The recommendations to enable, incentivise and support philanthropy and social investment are:
- Appoint a Philanthropy and Social Investment Champion as a senior post within the Civil Service.
- Build Civil Service knowledge of philanthropy, match funding and social investment blended finance.
- Keep regulations on values-based investment under review.
- Work with the Charity Commission and Financial Conduct Authority to develop guidance and targeted regulation for philanthropy and social investment.
- Support initiatives to further develop data on the economic and social contribution of philanthropy and social investment.
- Extend DCMS’s “Growing Place-Based Giving” Programme which was cut short by Covid-19.
- Develop match funds on priority themes such as climate change, Levelling-up and regenerating the arts and culture sector.
- Review incentives for social investment, drawing on lessons from the Social Investment Tax Relief.
- Offer long-term commitment to Government guarantee scheme for social lending.
- HM Treasury should explore providing support for structures for giving that use existing tax reliefs.
The report highlights that the lack of clear policies and leadership from government mean the UK is failing to grow this vital revenue source that targets the most vulnerable in society and enables communities to thrive. Giving by high-income donors has been increasing in recent years according to HMRC data, but their giving levels as a percentage of their income are much lower than low-income donors. If the UK were to achieve the same level generosity as Canada or New Zealand, it would generate an additional £5 billion for civil society organisations.
Rushanara Ali MP (MP for Bethnal Green and Bow, Labour), Co-chair of the APPG says, “The scale of social need we are facing in the UK will require a government that can work in partnership with all sectors of the economy, including philanthropists and social investors, who support our communities through funding grass root organisations. This is even more important given the ongoing challenges post pandemic and the cost of living crisis in our country.
Whilst philanthropy and social investment cannot and must not be considered a substitute for government intervention and action, they play an important positive role in society and that needs to be harnessed. The pandemic has shown us that many people who have financial resources keep up their giving to the charities and causes they care about even in uncertain times. Tax, philanthropy and social investment are not mutually exclusive and encouraging generosity is not only desirable, it is essential to ensure stronger communities are at the core of our response to the current economic hardship.”
Danny Kruger MP (MP for Devizes, Conservative), Co-chair of the APPG says: “The British public comes together to support one another in many different ways, not least during the Covid-19 pandemic. It is imperative that we tap into this sentiment and deliver a policy environment that is conducive for high levels of philanthropic giving and social investment, designing a framework to support meaningful change.”
- The All Party Parliamentary Group on Philanthropy and Social Investment aims to to further the understanding of the role of philanthropy, giving and social investment in parliament, and to act as a discussion forum for politicians, philanthropists, social investors and experts to develop policy to improve and increase the amount of giving and social investment to good causes in the UK.
- The report published today Unleashing the Potential of Philanthropy and Social Investment has been produced with input from the leading organisations in the philanthropy and social investment sectors including the Association of Charitable Foundations, Beacon Collaborative, Big Society Capital, Charities Aid Foundation, Chartered Institute of Fundraising, New Philanthropy Capital, Philanthropy Impact, The Philanthropy Workshop, UK Community Foundations, Arts Council England, City Bridge Trust.

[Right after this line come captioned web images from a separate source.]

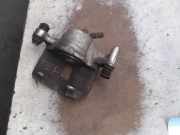 Bremssattel Rechts Vorne Hyundai Accent Schrägheck 1.6 16V (G4ED) 2003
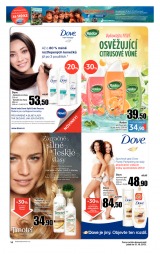 Tesco velk hypermarkety od 2.10.2013, strana 14 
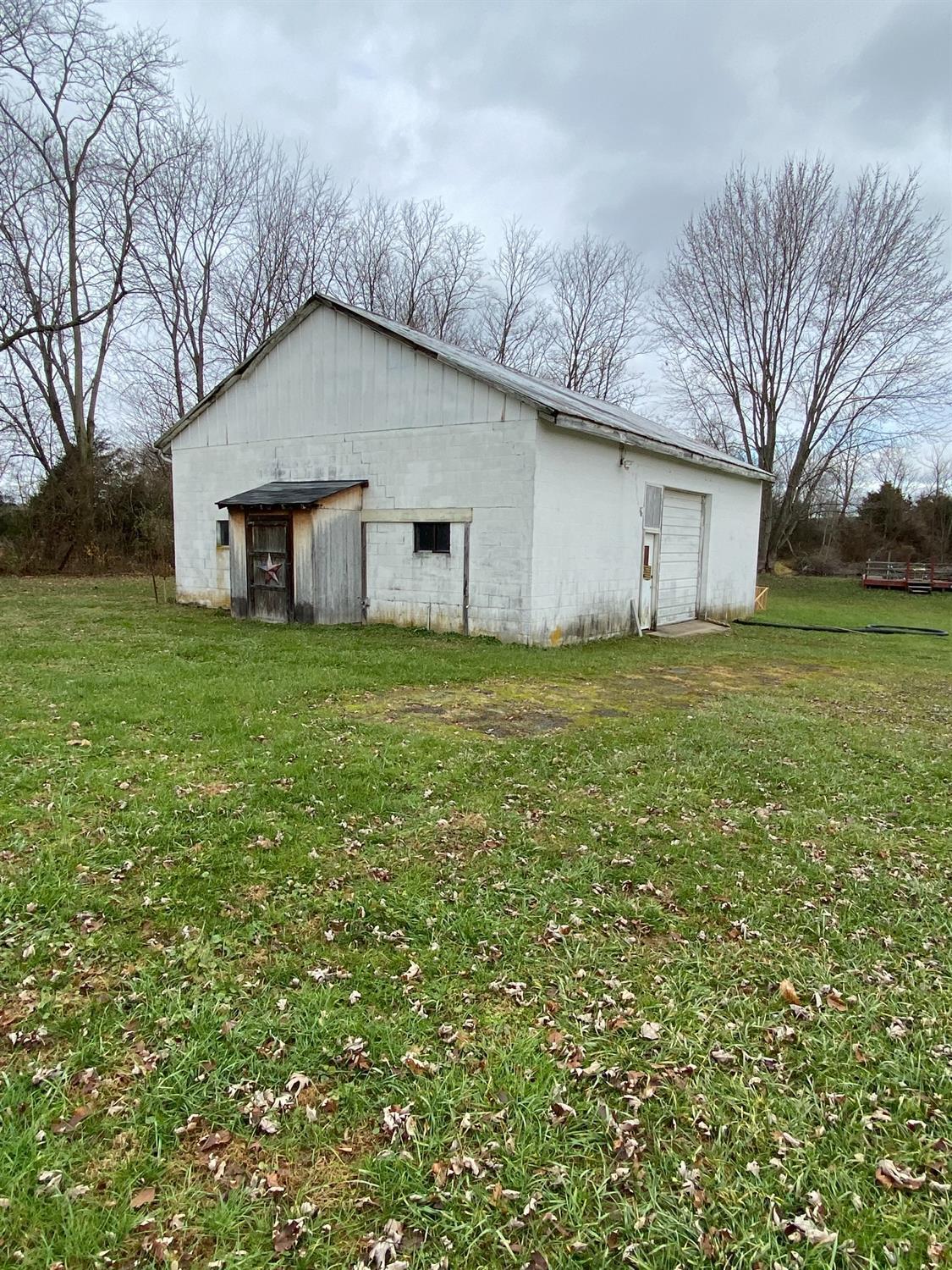 2088 Tolbert Road Hamilton, OH 45011 - Photo 4 of 5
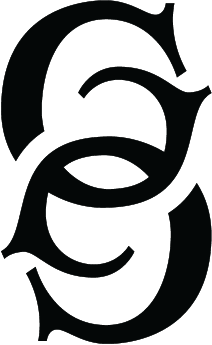 Ganley Group Hospitality Purveyors branding
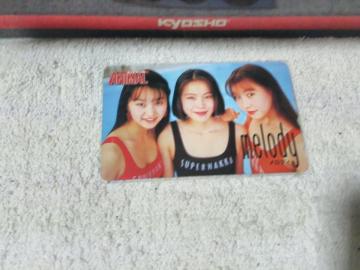 ڶ 50x ި ݸޱ cLI ]܂ ᐙ W  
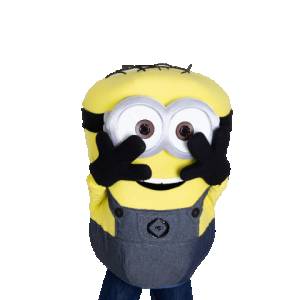 Minion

- The top 300 charitable foundations have assets of £72 billion and gave £3.5 billion in the financial year ending 2020. All UK private giving is estimated at £22.3 billion. Social investment has grown nearly eight-fold from £833 million in 2011 to £6.4 billion in 2020 and is expected to double by 2025.

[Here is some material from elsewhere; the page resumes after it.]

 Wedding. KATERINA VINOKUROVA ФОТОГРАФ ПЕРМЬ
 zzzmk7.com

- Giving by high-income donors has been increasing in recent years according to HMRC data, but their giving levels as a percentage of their income are much lower than low-income donors. Those with income >£250,000 typically gave £80 per month, compared to £25 per month among those earning <£50,000. In percentage terms, the median ratio of donations to gross income is 0.2% for those earning >£250,000 and 1.2% for those earning <£50,000.